Una vez repuestos nos fuimos a ver el fuerte de Agra, una recinto enorme de color rojo, que es al mismo tiempo fortaleza y palacio y el lugar donde el Sha Jahan pasó sus últimos años encerrado por su hijo, contemplando el Taj Mahal. Es un recinto enorme, así que comprad agua antes de entrar porque dentro no hay donde hacerlo. Nosotros no lo hicimos y casi nos da algo con el calor que hacía. El fuerte tienen unas bonitas vistas del Taj y el río Yamuna, además de bonitos patios y recintos construidos para el disfrute de la corte.

Fuerte de Agra
Fuerte de Agra
Fuerte de Agra
Fuerte de Agra
Fuerte de Agra
Fuerte de Agra

Cuando salimos de visitarlo nos fuimos a comer a un sitio cercano, y ya por la tarde visitamos la tumba de Itimad, también conocida como el Baby Taj, construida como él, toda de mármol y a la orilla del río, aunque de menor tamaño y menos detalles ornamentales.
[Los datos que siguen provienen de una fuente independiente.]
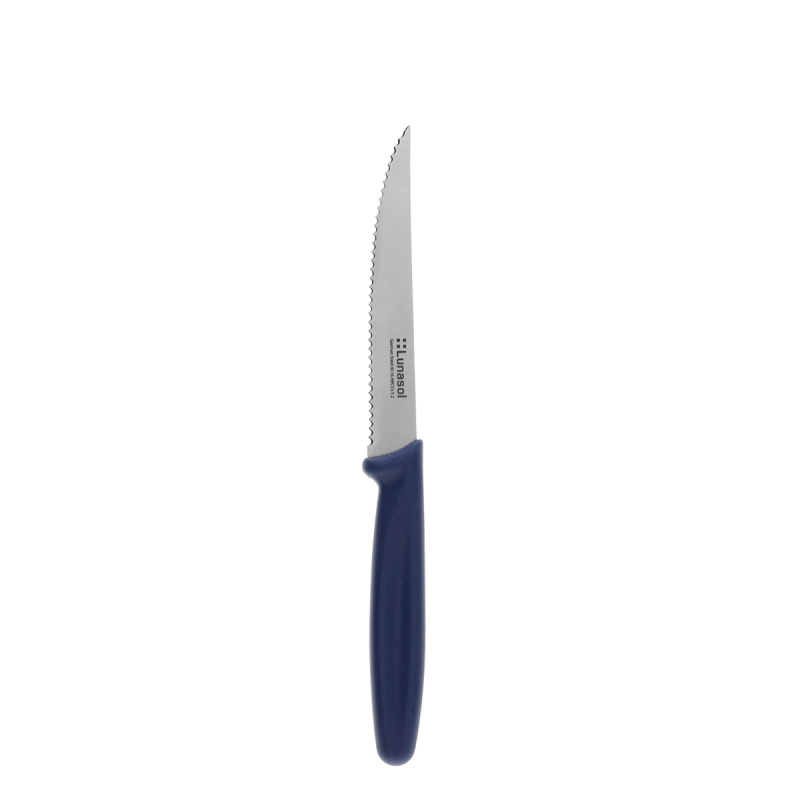 Nóż do steków 11,2 cm | Master Blue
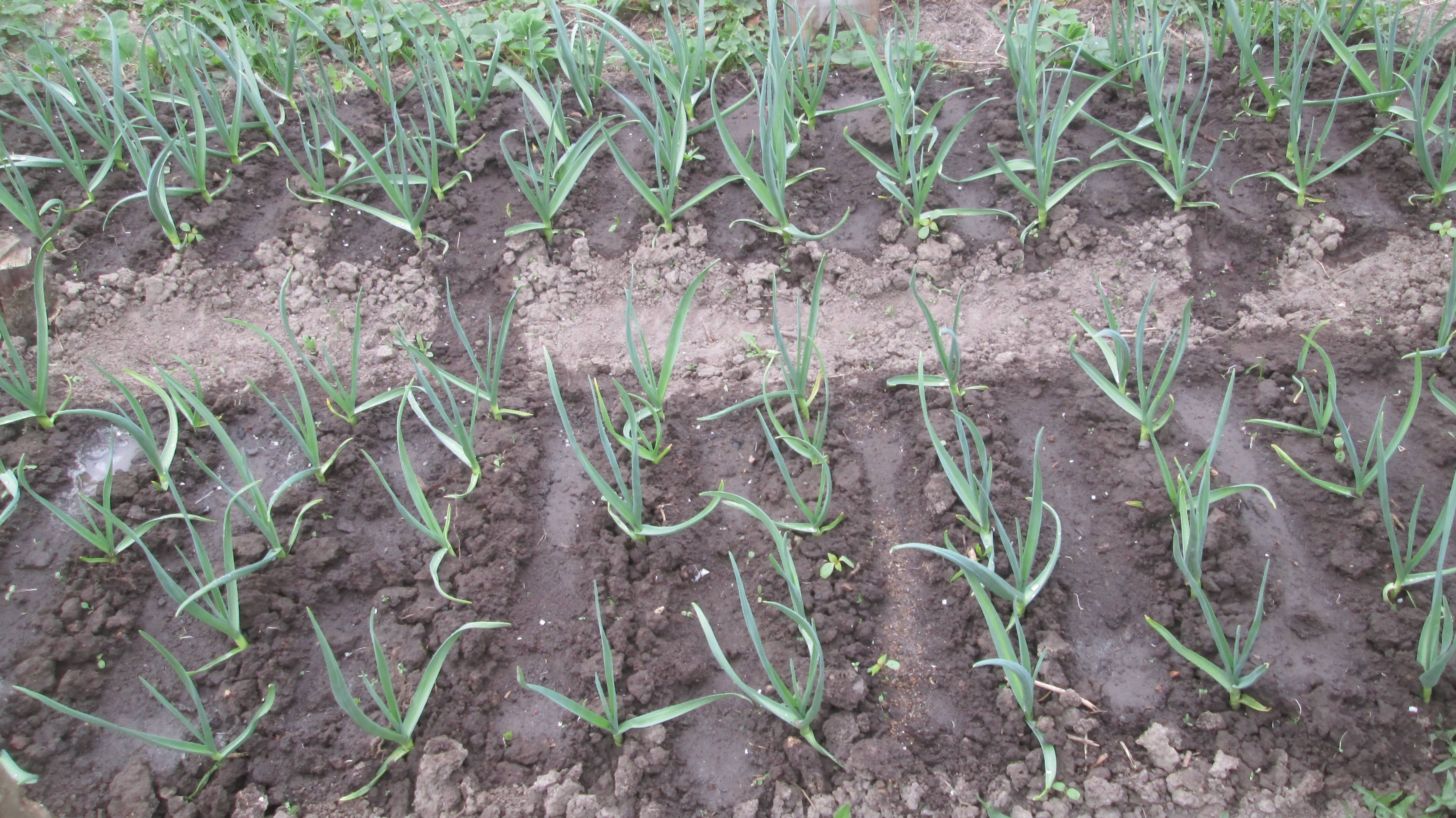 Подкормка озимого чеснока весной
De todas formas es preciosa y además había muy poquita gente viéndola, con lo que pudimos sacar fotos a nuestras anchas.

Tumba de Itimad, Agra
Tumba de Itimad, Agra
Tumba de Itimad, Agra
Tumba de Itimad, Agra

Luego Kamal nos llevó al otro lado del río para que pudieramos sacar fotos del Taj desde ese lado. Existen unos jardines de pago desde donde también se pueden sacar fotos, pero si no entras en ellos y sigues el camino que va hasta el río puedes sacar unas fotos chulísimas y totalmente solos del Taj al otro lado del río. Dicen que el Yamuna está muy contaminado aunque a mí no me lo pareció, aunque supongo que solo es eso, apariencia, pero las fotos quedan muy bonitas, la verdad.

Taj Mahal, Agra
Taj Mahal, Agra

Como aún nos quedaba algo de tarde le dijimos a Kamal que nos acercará hasta la mezquita de Agra. Él no la conocía, porque parece que los hindúes no sienten mucho aprecio por los monumentos musulmanes y no sabía muy bien por donde quedaba, pero tras preguntar un par de veces dimos con ella en el casco antiguo de Agra, en la zona del mercado. Agra es una ciudad con el 50% de su población musulmana, pero su gran mezquita está un poco hecha polvo. Cuando entramos en el recinto un hombrecillo nos dio unas prendas para cubrirnos las piernas, aunque como ya os he dicho las mezquitas no son cerradas, sino que son abiertas, siendo los lugares de oración el gran patio al aire libre. El hombre nos fue explicando un poco su historia, mientras nos quemábamos las plantas de los pies en el suelo abrasado por el sol. La mezquita está hecha polvo y necesita una buena restauración, aunque el hombre nos dijo que el gobierno solo se preocupa de los monumentos hindúes y que no cuidan los musulmanes. Le dimos un “donativo” de 200 rupias para la mezquita y de ahí nos fuimos a una tienda de mármol, de las que abundan en la ciudad, porque queríamos comprarnos alguna cosilla de recuerdo. Finalmente nos compramos un elefantito bastante pesado de mármol con piedras incrustadas con la técnica del Taj Mahal. Como ya eran casi las 7 decidimos volver al hotel, disfrutamos un poco de su piscina, totalmente vacía, y nos refrescamos. Para cenar habíamos quedado con Kamal. Al día siguiente llegábamos a Delhi y nos despedíamos de él, así que íbamos a cenar juntos porque queríamos invitarlo como agradecimiento por su simpatía. Fuímos a un restaurante que conocía él y pasamos una cena muy agradable, aunque para él un poco insípida porque en atención a nosotros había pedido que nos pusieran platos con pocas especias, el pobre no disfrutó mucho de la cocina.